Since June 2009, when Kodak announced that they were ceasing to manufacture their legendary Kodachrome film, Kodachrome projects have been popping up left, right, and centre. Well, it’s hardly surprising: photographers have wanted to make the most of the last of the film that was first manufactured 75 years ago, and brought high-quality colour photography to the masses.
Shooting on film is all about making every shot count: you’ve only as many pictures as there are on your reel, and when they’re gone, they’re gone. And whilst so much of photography is reliant on being able to react quickly and capture a flicker in time, using film instills a particular type of patience in you. You wait for the right moment, there’s no instant feedback from your screen, and then you wait a little longer for the picture to be developed.

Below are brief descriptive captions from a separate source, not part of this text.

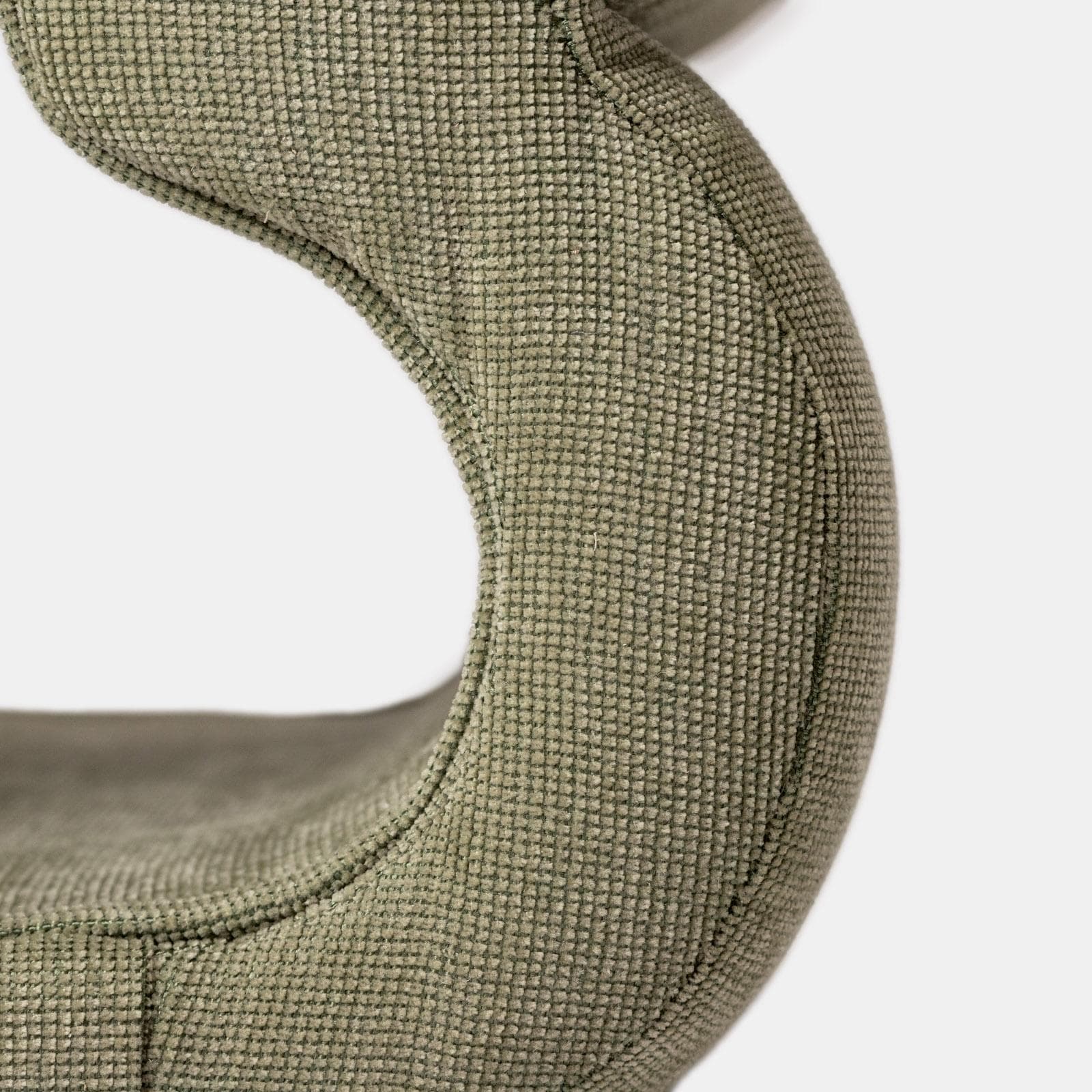 Pouf 45x42 cm in tessuto a trama sottile verde chiaro con design astratto - Everett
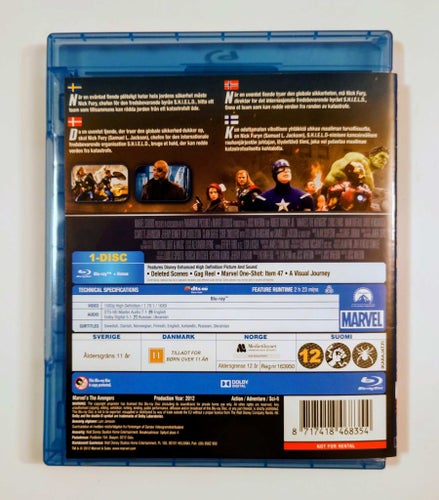 Marvel's AVENGERS - Spegelblank Bluray - billig frakt 12 kr !!!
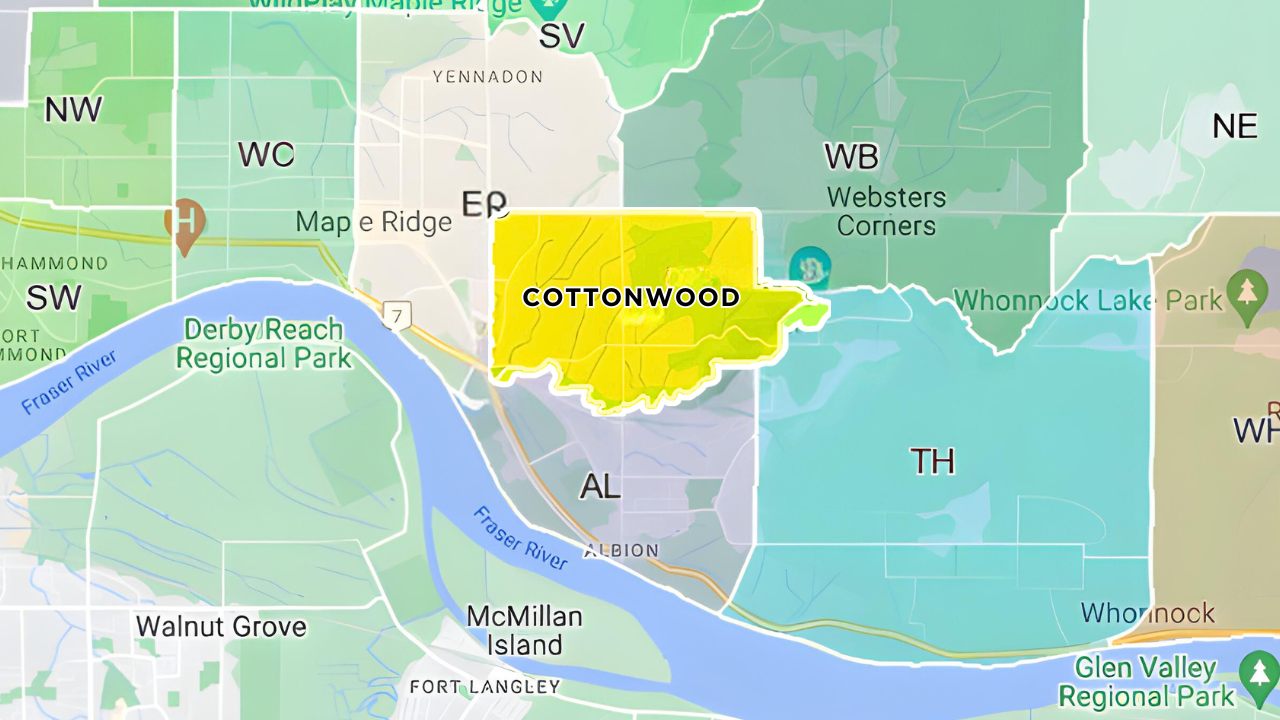 Cottonwood Maple Ridge area boundaries map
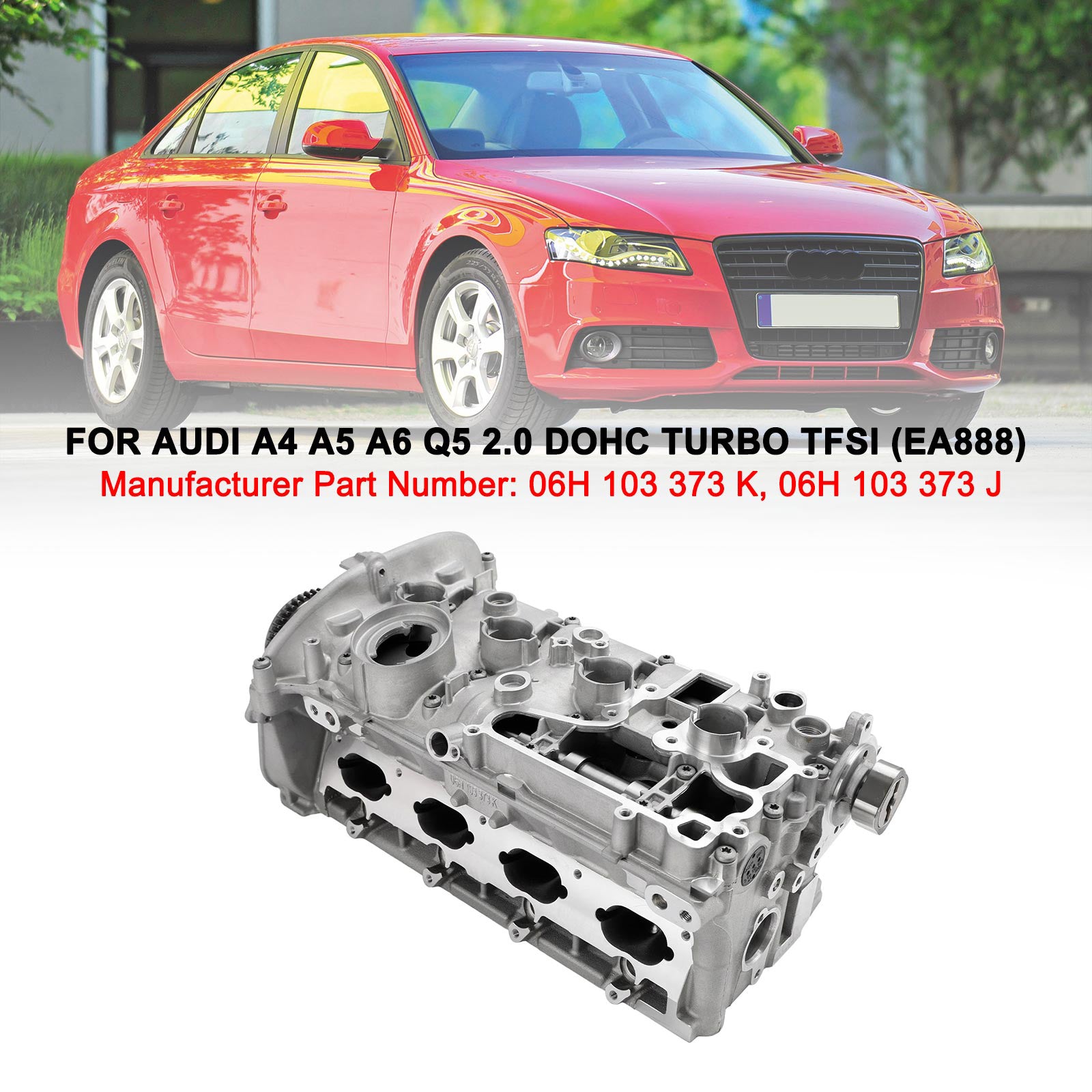 06H103373J Cylinder Head Assembly & Crankshaft for AUDI A4 A5 A6 Q5 2.0L DOHC TFSI (EA888) Engine - Replacement Part for Performance Repair & Maintenance | Perfect for Engine Overhaul, Head Gasket Replacement & Vehicle Restoration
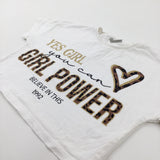 'Yes Girl' Glittery White Cropped T-Shirt - Girls 10-11 Years
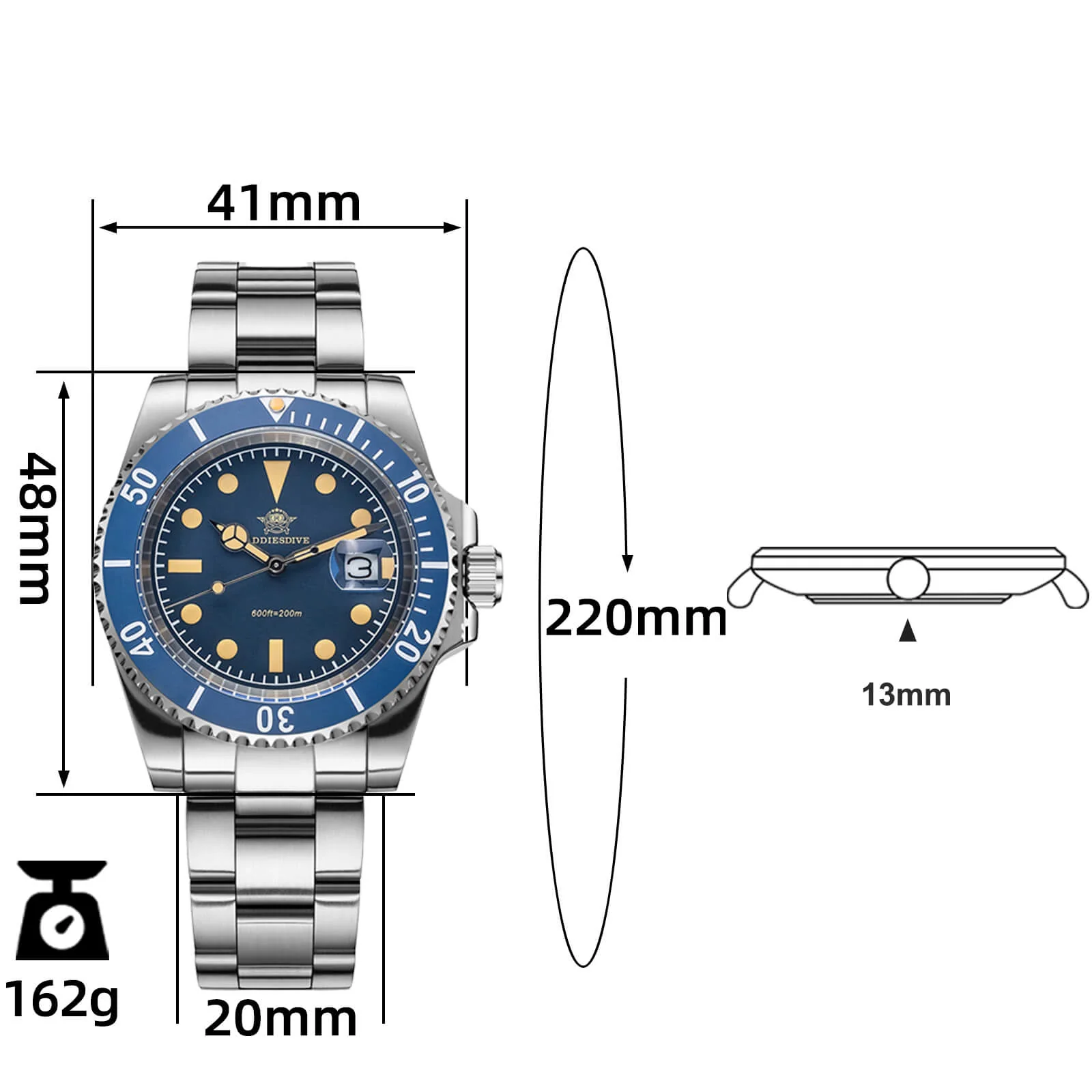 ★Saldi Anniversario★ADDIESDIVE Orologio al Quarzo Retro Sub AD2054 - Image 22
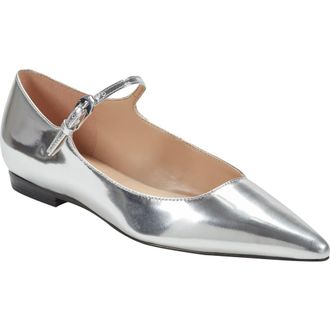 Marc Fisher Trella Mary Jane Pointed Toe Flat in Metallic Silver at Nordstrom Rack, Size 8.5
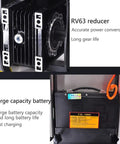RV63 reducer and large capacity battery for Huge 1200 Watt Electric Stair Climbing Hand Truck With 500 Kg Heavy Load Capacity And 48 Volt Battery Powered Sack Caddy That Glides Up Or Down Steps Like A Boss For Smooth Moving Without The Sweat.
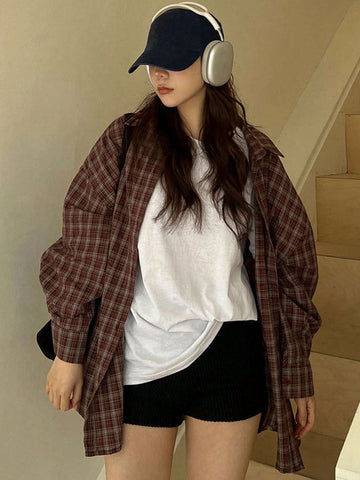 DAZY Women Loose Plaid Turn-Down Collar Long Shirt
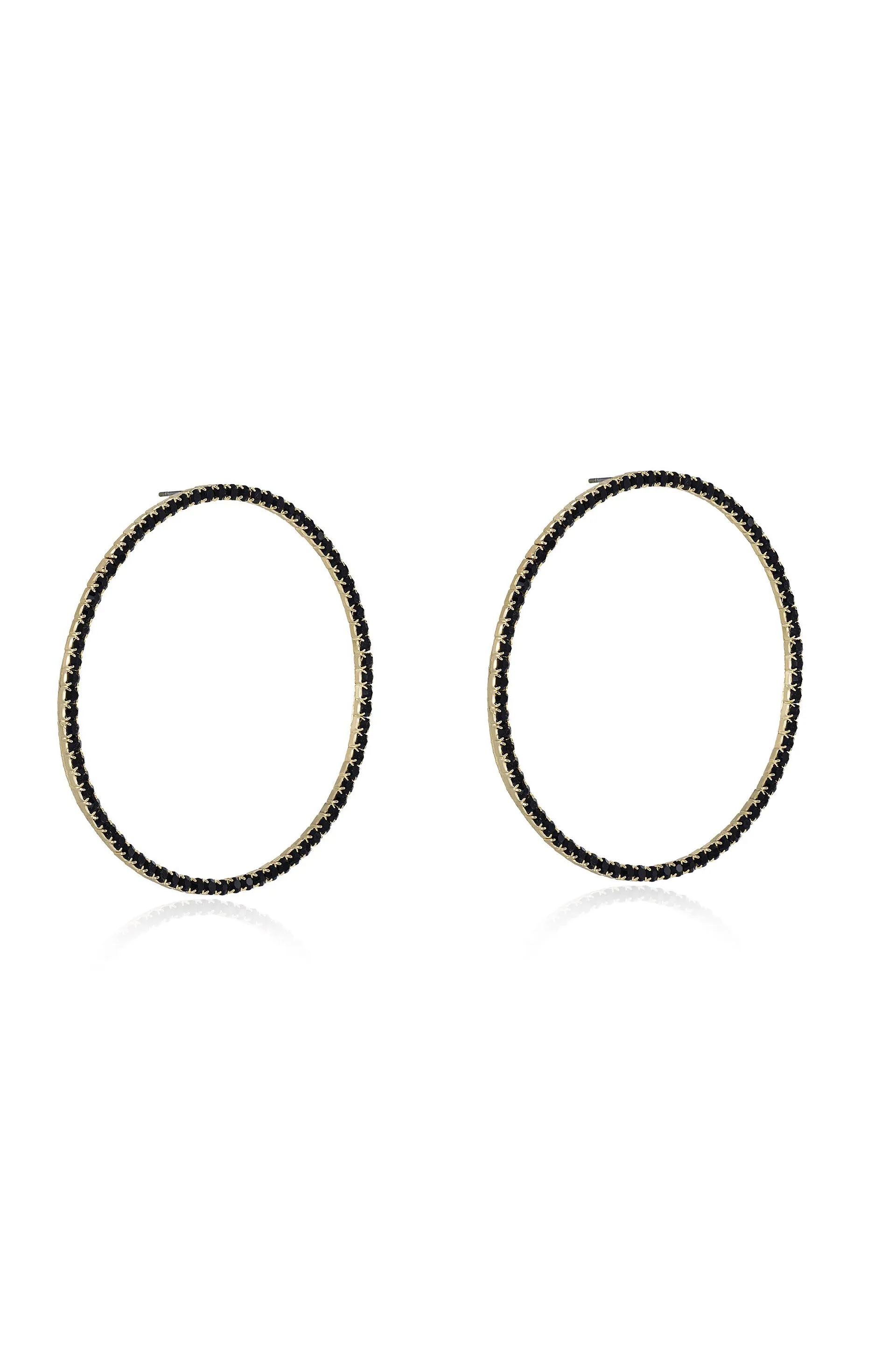 Picture Perfect Crystal Circle 18k Gold Plated Earrings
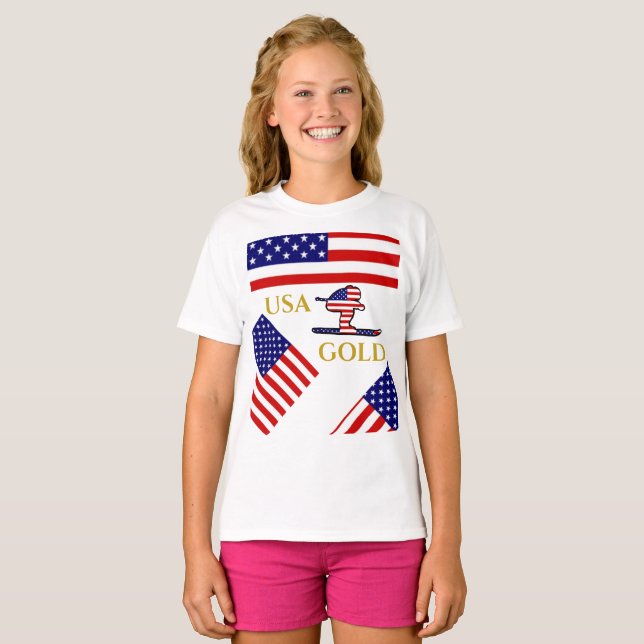 Skifahrer T-Shirt (Vorne ganz)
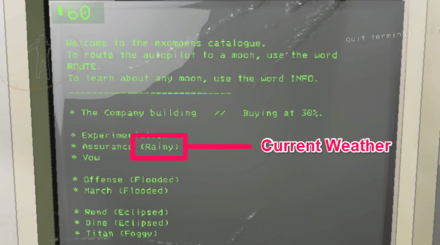 Lethal Company - How to Check Weather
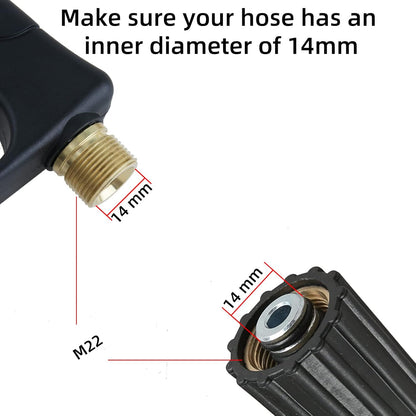 Sooprinse Foam Cannon Kit with Pressure Washer Short Gun, 1 L Snow Foam Lance with 1/4 Inch Quick Connector, Foam Blaster with Pressure Washer Gun,4000 PSI, Black
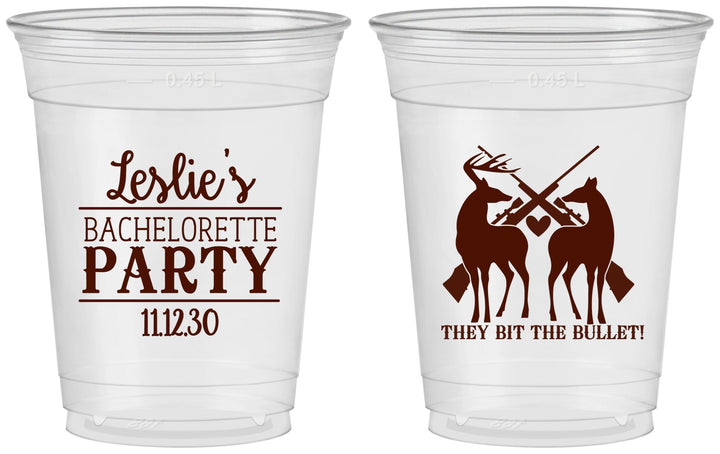 Custom Bachelorette 16 oz Soft Sided Clear Cups - Hunting | 60187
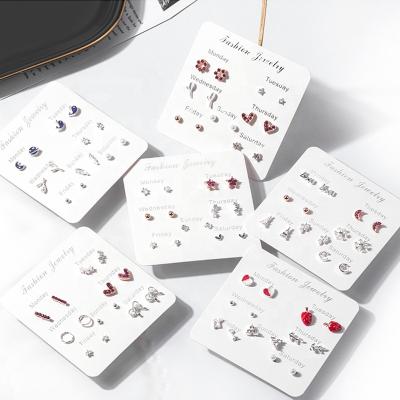 China Other New 7 Pairs One Week Stud Earrings Women Cheap Girl Are Simple And Versatile For Students for sale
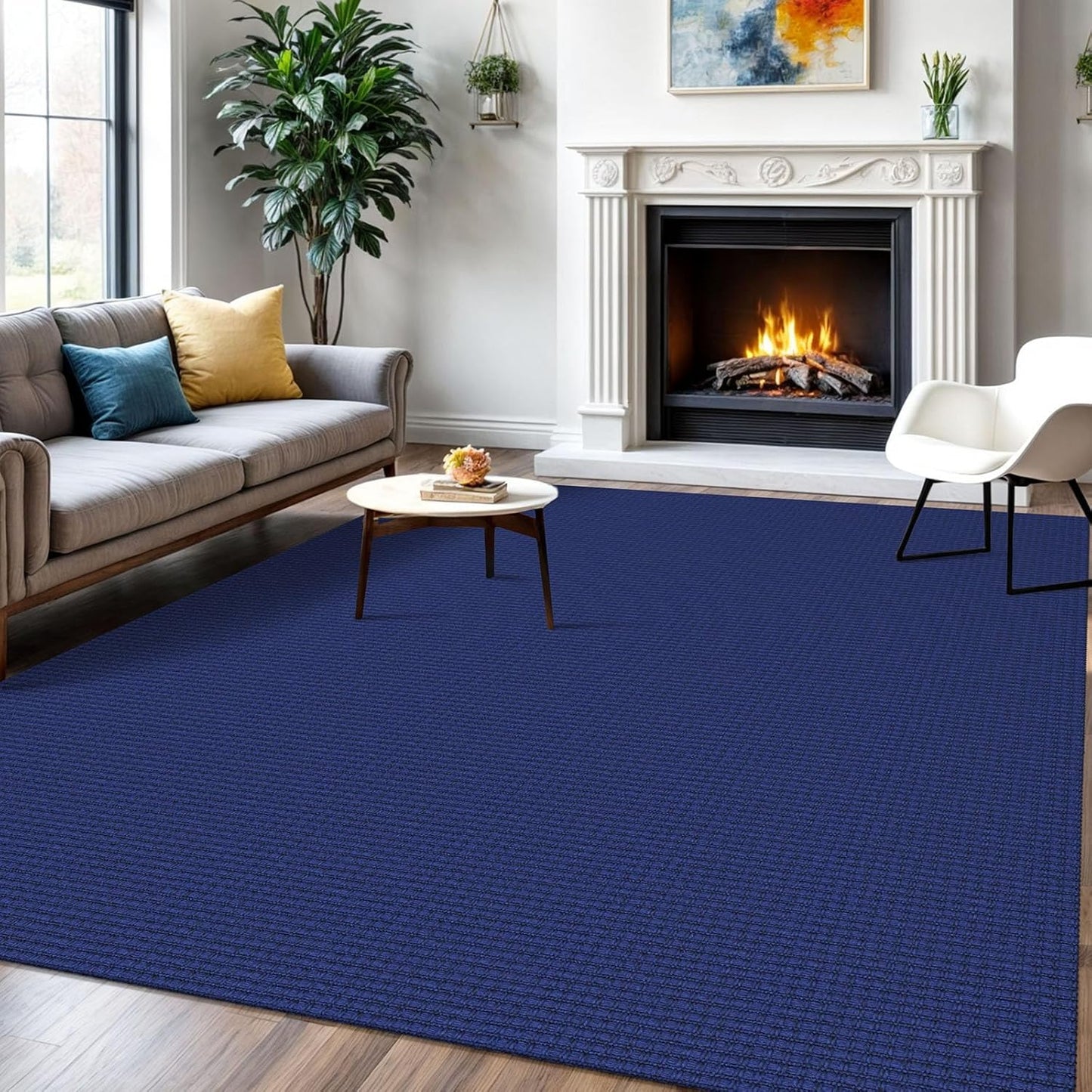 IOHOUZE Washable Area Rug 6x9 Non Slip Rugs for Living Room, Dining Room Rugs Bedroom Rug, Woven Braided Indoor Floor Carpet for Living Room Nursery, Royal Blue/Navy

The Kodachrome projects are, therefore, all the more pertinent. When the Kodachrome is gone it has gone for good. So what’s out there for our delectation? I’ve been taking a poke about the intergoogles.
Kicking off things, we have The Kodachrome Project. It’s run by Dan Bayer and celebrates the life of, and life in, Kodachrome film. As he puts it, Kodachrome’s age rivals that of the average human and he believes that it has been the most influential colour film ever produced. He wants people to experience and learn from shooting on film before it’s too late. Go take a look.
At 64×64, you can see the images that Phil Coomes, a photojournalist who works for the BBC, has been taking. There’s one picture a day for 64 weeks, taken on Kodachrome 64, taken for the sake of taking pictures.
I’ve really enjoyed Pontus Wallsten’s A Year of Kodachrome. It has some wonderful flower shots, which really bring home the colour quality of Kodachrome.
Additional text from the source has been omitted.